Using fibre optic cables, Fotech’s Distributed Acoustic Sensor (DAS) technology can monitor the health of cables automatically, giving you an enhanced understanding of activities as they happen, and gathering intelligence on events around or involving your cables.
Distributed Acoustic Sensor (DAS) technology converts an optical fibre into a state-of-the-art sensor that can detect vibrations along the length of a cable. Events, including third party interference – such as digging or lifting an access cover – or mechanical failure at a substation, all generate vibrations with distinct acoustic characteristics. Fotech’s DAS solution monitors these vibrations, which are analysed by cutting-edge software to provide continuous and accurate real-time information along your cables, using advanced artificial intelligence (AI) to alert you to potential risks to your cable or inform maintenance needs.
Cable Integrity:
Substation Monitoring:
Cable downtime is costly but monitoring thousands of kilometres of cable is challenging. DAS allows you to confidently monitor your cables in real time and detect risks to within a few metres. Fotech’s powerful software and advanced AI filter out the background noise and ensure that you are alerted to the events along the cable that matter.

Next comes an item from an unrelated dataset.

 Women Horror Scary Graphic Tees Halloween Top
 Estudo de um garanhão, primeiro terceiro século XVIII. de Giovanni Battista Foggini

A DAS solution allows you to prevent costly downtime with the ability to prevent or quickly repair damage to your cables.
In a 2014, Spread Networks spent $300 million drilling new tunnels to make a more direct route for fibre optic cable from Chicago to New York City, saving 3 milliseconds on the communication speed between the two cities. At $100 million per millisecond, it sounds expensive, but is worth millions of dollars to high frequency traders who will have an advantage over competitors with slower communications.
Being so valuable to its thousands of clients, the network must be monitored continuously, and all parts of the network are driven daily to guarantee reliability and proactively fix issues. A DAS solution on such a route would guarantee reliability by identifying potential risks to the cable and facilitating the coordination of security teams.